It is a block diagram which shows the structure of the sensor abnormality diagnostic apparatus which concerns on Embodiment 1 of this invention. It is a graph which shows an example of the measured value of the sensor abnormality diagnostic apparatus which concerns on Embodiment 1, an acceleration (X-axis) is shown to Fig.2 (a), an inclination angle (X-axis) is shown to FIG.2 (b), and an inclination angle is shown. (Y axis) is shown in FIG. FIG. 3 is a graph of a power spectrum obtained by performing FFT processing on the measured value shown in FIG. 2. FIG. 3A shows a power spectrum of acceleration (X axis), and FIG. 3B shows a power spectrum of tilt angle (X axis). . It is a figure explaining the maximum speed response calculation method of the sensor abnormality diagnosis apparatus concerning Embodiment 1, FIG.4 (a) shows a physical model, FIG.4 (b) shows the graph of acceleration, and FIG.4 (c). A graph of the speed response and its maximum speed response is shown. It is a graph which shows each maximum speed response at the time of the sine wave input in a some natural period.

Embodiment 1 FIG.
FIG. 1 is a block diagram showing a configuration of a sensor abnormality diagnosis device 30 according to Embodiment 1 of the present invention. The sensor abnormality diagnosis device 30 shown in the figure includes an inclination sensor (first sensor) 10 that detects an inclination angle (first physical quantity) and an acceleration sensor (second sensor) that detects acceleration (second physical quantity). 20, an AD conversion unit 31 that performs analog / digital conversion of the measurement values of the sensors 10 and 20, a determination unit 32 that determines an abnormality of the tilt sensor 10 using an inclination angle and acceleration, and an abnormality determination result Is output to the outside via a communication line or the like.

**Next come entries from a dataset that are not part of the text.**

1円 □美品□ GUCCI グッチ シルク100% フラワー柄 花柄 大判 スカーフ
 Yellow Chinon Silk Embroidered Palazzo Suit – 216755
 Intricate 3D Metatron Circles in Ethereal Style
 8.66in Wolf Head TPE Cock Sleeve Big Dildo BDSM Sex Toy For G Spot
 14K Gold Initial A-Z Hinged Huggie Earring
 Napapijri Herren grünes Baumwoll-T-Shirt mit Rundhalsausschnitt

  In the first embodiment, a potential difference type inclination sensor is used as the inclination sensor 10. The tilt sensor 10 outputs a position of a bubble formed by enclosing an electrolyte in a sealed container as a potential difference between electrodes, and outputs a ratio of the potential difference between electrodes as an analog signal of a tilt angle. And an inclination detection circuit 12 that performs the above.

  Further, in the first embodiment, the pendulum type acceleration sensor capable of self-diagnosis described above is used as the acceleration sensor 20. The acceleration sensor 20 includes an inclination detection circuit 12 that outputs the displacement amount of the pendulum, an acceleration detection circuit 22 that outputs the displacement amount as an analog signal of acceleration, and a self-diagnosis unit 23 that determines abnormality of the acceleration detection device 21. Consists of. This self-diagnosis unit 23 includes a drive unit for self-diagnosis as described in Patent Document 2, for example, and when the drive unit applies a driving force to the pendulum, the amount of displacement cannot be detected. It is determined that an abnormality has occurred in the device 21 or the acceleration detection circuit 22, and in other cases, it is determined that the measured value is normal. Since the acceleration sensor 20 includes the self-diagnosis unit 23, the measurement value output from the acceleration sensor 20 is regarded as a normal value below.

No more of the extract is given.